Mercy and the werewolf pack are doing their full moon roaming as animals when they come across a body. Of a child – and it’s just one of several
Bodies have been hidden for decades – and the killing has now started again. The mysterious fae have stopped working with humanity and are no longer leashing their worst monsters.
This is a graphic novel that functions, in many ways, like an excellent short story connected to the main series – which is exactly what I hoped it would be.
In many ways, I feel graphic novels and short stories are not exactly non-canon, but should be optional extras to a main plot line. I can’t, in all honesty, justify why I feel that essential canon-story development should not appear in short stories or graphic novels, but I do tend to see them as extras, little bits of non-compulsory fluffy
From that standpoint, this works ideally.
In the recent books in the Mercy Thompson series one of the major turning points of the meta-plot was the retreat of the fae back into their reservations after the injustice of the human justice system convinced them there was no point trying to assimilate or work with humanity any further. Of course, this doesn’t really closely affect Mercy and Adam that much, though they were deeply involved in the events that led to the fae withdrawing
We have had previous books which made it clear the fae had a lot of monsters among them as well – and this is another excellent example of that. When we look at the greater lore of fairy tales, we have a lot of terrifying monsters that hunted down “naughty” children (problem because they were originally created as various ways to keep children from disobeying authority figures). They are terrifying and creepy and horrifying – and, in some ways, the fae’s nukes
Now the fae have stopped playing nice with the humans, that also means no longer keeping their more unpalatable members hidden and restrained.
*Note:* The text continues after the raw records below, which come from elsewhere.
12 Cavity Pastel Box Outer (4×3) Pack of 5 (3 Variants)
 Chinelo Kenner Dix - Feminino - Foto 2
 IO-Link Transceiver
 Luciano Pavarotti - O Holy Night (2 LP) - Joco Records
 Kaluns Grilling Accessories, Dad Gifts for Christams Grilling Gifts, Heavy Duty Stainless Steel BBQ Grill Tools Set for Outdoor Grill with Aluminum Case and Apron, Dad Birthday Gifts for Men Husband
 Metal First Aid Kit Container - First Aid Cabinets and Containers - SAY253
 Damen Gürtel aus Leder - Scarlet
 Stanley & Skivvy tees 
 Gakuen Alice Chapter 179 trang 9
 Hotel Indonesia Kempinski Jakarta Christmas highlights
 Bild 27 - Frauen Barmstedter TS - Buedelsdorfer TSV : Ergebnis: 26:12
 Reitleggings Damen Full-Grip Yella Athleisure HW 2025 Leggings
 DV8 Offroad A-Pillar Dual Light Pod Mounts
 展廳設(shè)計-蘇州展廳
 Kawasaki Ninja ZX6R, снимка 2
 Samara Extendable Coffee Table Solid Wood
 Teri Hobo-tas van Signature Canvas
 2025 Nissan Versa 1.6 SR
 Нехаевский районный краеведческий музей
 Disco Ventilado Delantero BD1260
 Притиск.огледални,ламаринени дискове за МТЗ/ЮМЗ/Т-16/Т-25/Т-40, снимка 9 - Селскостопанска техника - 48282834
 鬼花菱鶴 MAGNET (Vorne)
No longer playing by human laws monsters like Hopcross Jilly are free to roam again. It both shows how monstrous the fae can be but also how much the fae were trying to play nice by humanity – I like the development of that, how it’s not just a matter of the fae spitefully unleashing their monsters, but also of them simply not working so hard to appeal to humanity.
The artwork of this comic really does suit the books, there were no characters who struck me as completely alien to how I imagined them from the novel series. It really worked to translate what I’ve always imagined to picture form – I really liked it and I’m generally not a huge fan of graphic novels, especially of books I’ve already read.
The fae was also incredibly creepy – they really managed to get the creepy feel, the alienness of the fae – as well as how it is restricted by its own mythology rather than being free to make her own choices. The fae exist within their own paradigm and it’s really well done.
What I also liked was the new insight into Jesse, Adam’s daughter. As the daughter of a werewolf she does face difficulties at school but we’ve never really seen any of this because we’ve seen this from Mercy’s point of view. I loved seeing her experiences and how she handles things. I’ve generally thought of Mercy as the protagonist to this – but really it’s Jesse who shines through as the best character (which I appreciated given this series’ past history). She was an excellent character
In terms of inclusion, Mercy is Native American, of course and isn’t white washed in the comics. But she also really stands out as the only POC – which is really clear in a graphic novel. Even in groups scenes like Jesse’s school or when there’s a large number of police investigating a scene, we see a sea of pale faces. There are also no LGBT characters
I think this book is an excellent addition to the overall mythos of this world. It really does add more character and detail with its own good story and excellent atmosphere and theme which greatly adds to the overarching theme of this world and some of the major story elements within it. Definitely something fans of the series should read.